> _About this task_: In the records below, find the line with "Cecil print blouse" and repeat exactly every line from it through the line with "AAA Moissanite Emerald-Cut". Pictures stay out.

> _Material supplied_:
╭──

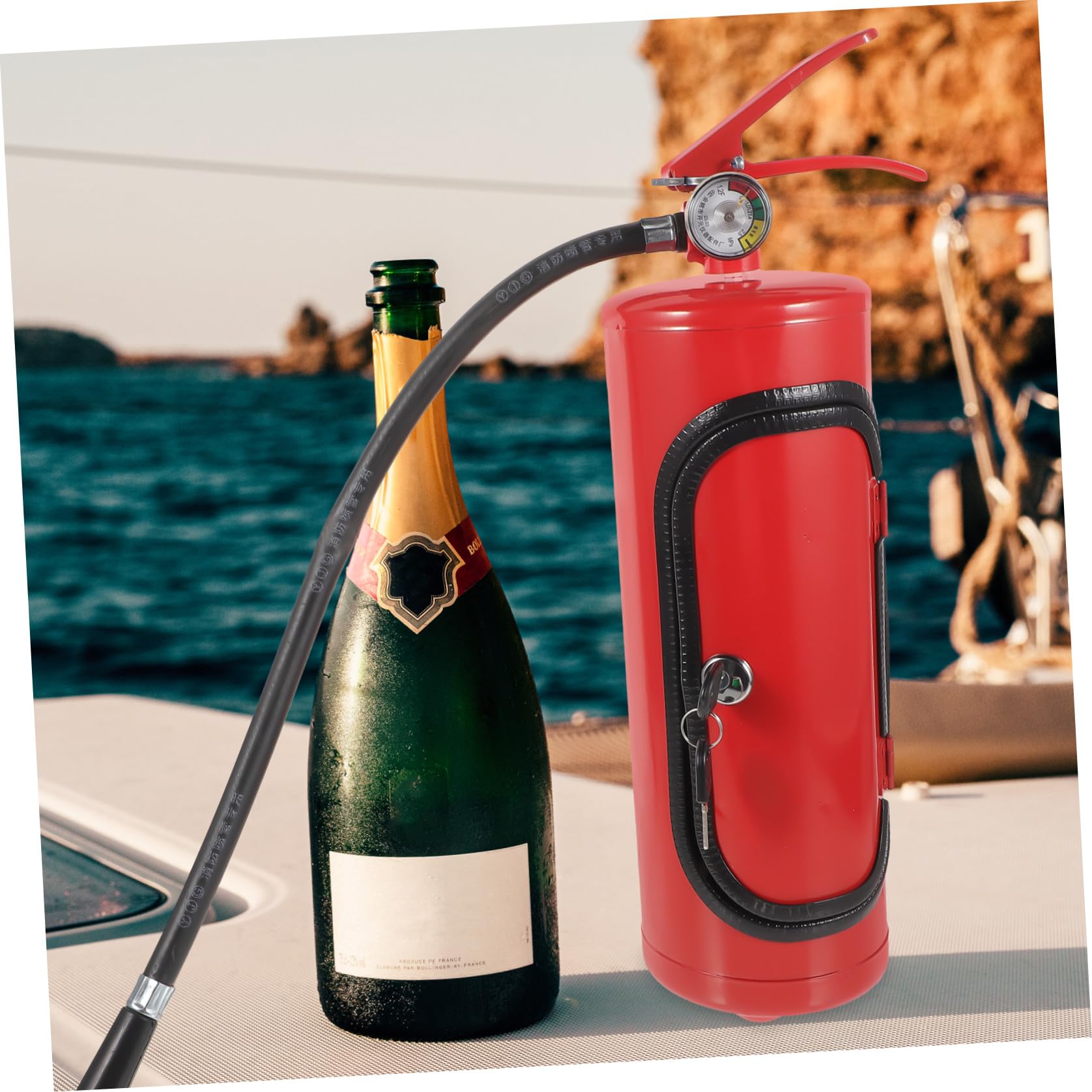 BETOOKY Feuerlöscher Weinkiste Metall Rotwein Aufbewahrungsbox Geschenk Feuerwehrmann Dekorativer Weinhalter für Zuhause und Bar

╰──
╭──

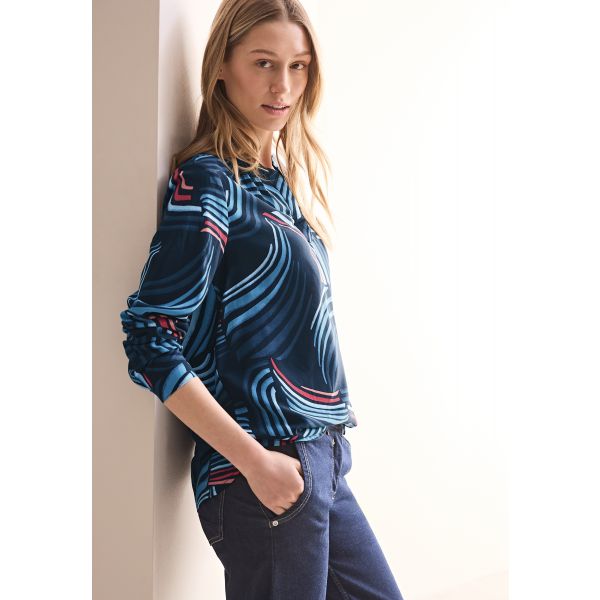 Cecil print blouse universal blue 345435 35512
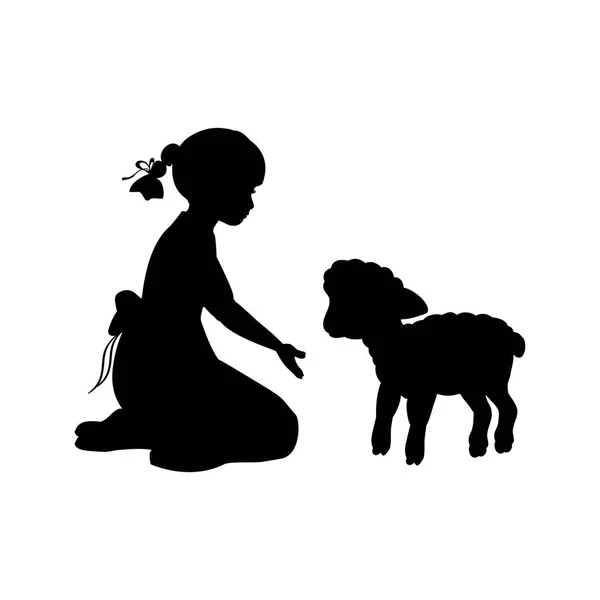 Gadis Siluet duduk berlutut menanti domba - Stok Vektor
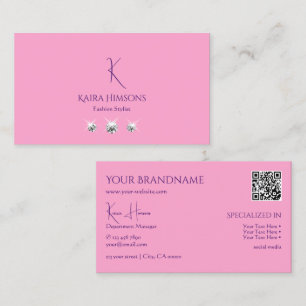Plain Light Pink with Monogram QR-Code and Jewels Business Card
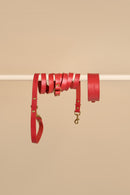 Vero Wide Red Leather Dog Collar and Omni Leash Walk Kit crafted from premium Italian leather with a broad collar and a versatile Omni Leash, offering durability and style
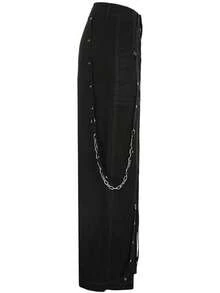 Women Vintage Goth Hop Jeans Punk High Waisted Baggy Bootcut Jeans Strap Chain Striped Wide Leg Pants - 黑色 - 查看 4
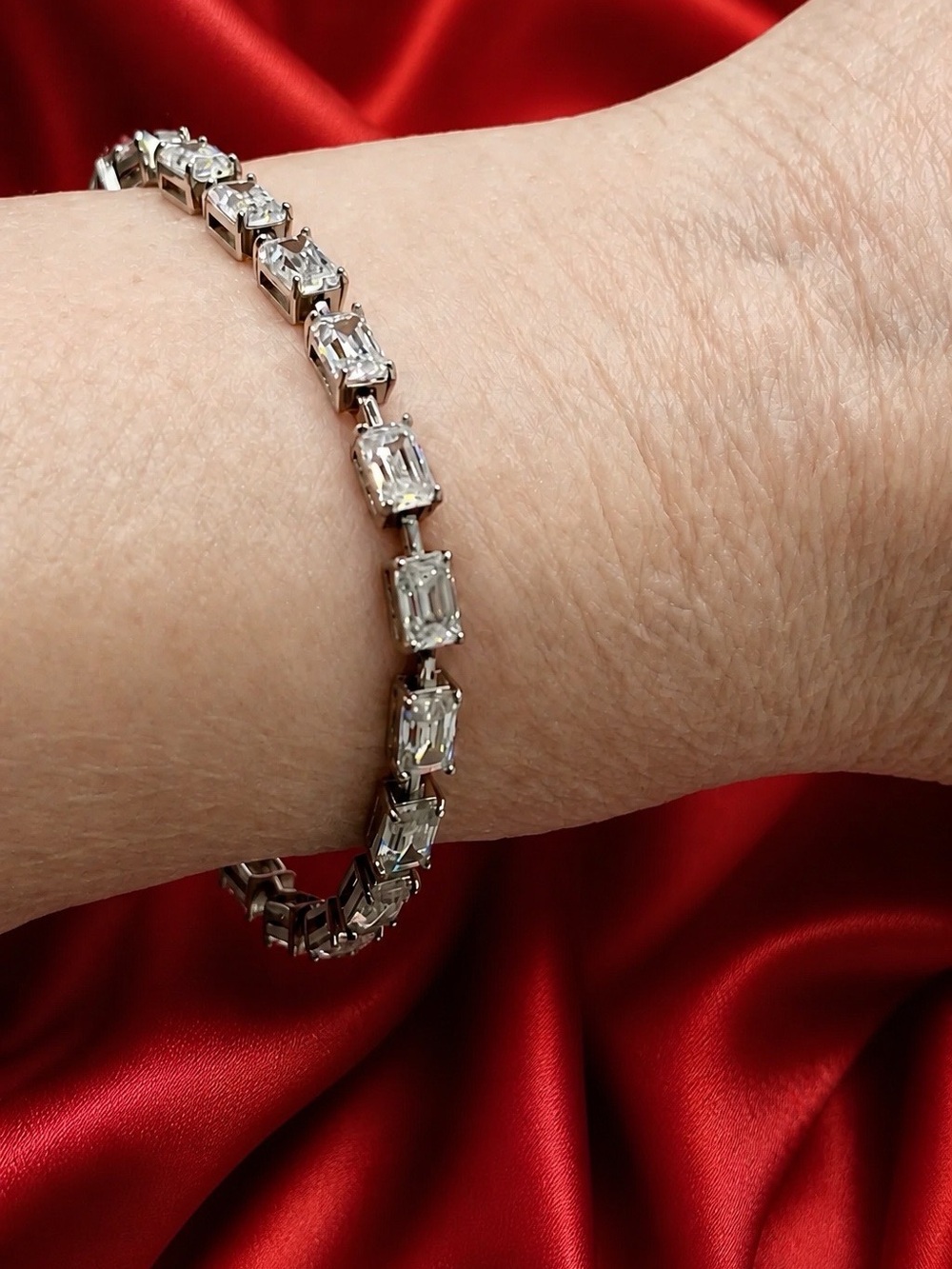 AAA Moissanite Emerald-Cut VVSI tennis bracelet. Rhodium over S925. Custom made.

╰──
╭──

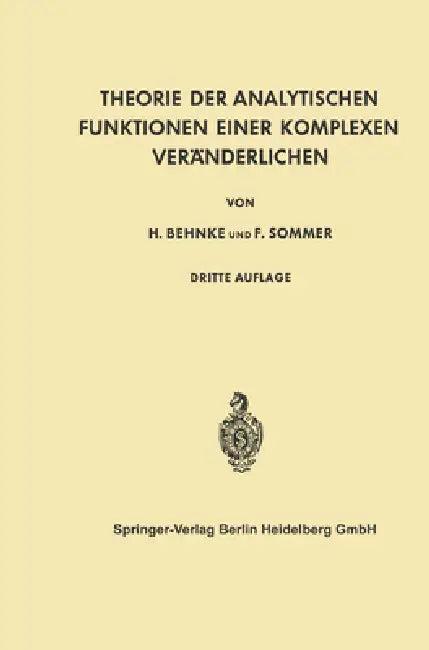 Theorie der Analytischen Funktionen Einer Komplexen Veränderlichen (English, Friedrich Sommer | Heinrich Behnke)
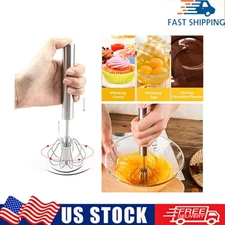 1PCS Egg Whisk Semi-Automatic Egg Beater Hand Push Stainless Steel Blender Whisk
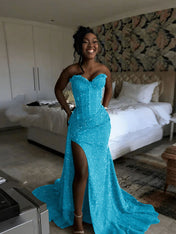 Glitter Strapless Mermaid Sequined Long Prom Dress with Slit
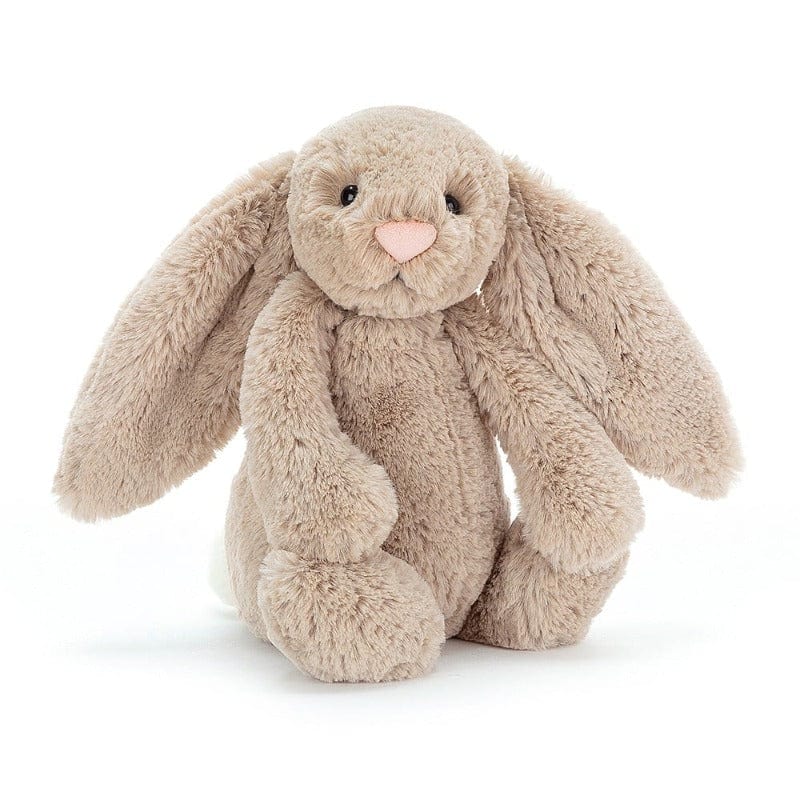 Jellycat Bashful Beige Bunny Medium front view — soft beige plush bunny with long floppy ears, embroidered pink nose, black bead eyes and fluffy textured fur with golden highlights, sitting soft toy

╰──

> _Answer section_:
 Cecil print blouse universal blue 345435 35512
 Gadis Siluet duduk berlutut menanti domba - Stok Vektor
Plain Light Pink with Monogram QR-Code and Jewels Business Card
 Vero Wide Red Leather Dog Collar and Omni Leash Walk Kit crafted from premium Italian leather with a broad collar and a versatile Omni Leash, offering durability and style
 Women Vintage Goth Hop Jeans Punk High Waisted Baggy Bootcut Jeans Strap Chain Striped Wide Leg Pants - 黑色 - 查看 4
 AAA Moissanite Emerald-Cut VVSI tennis bracelet. Rhodium over S925. Custom made.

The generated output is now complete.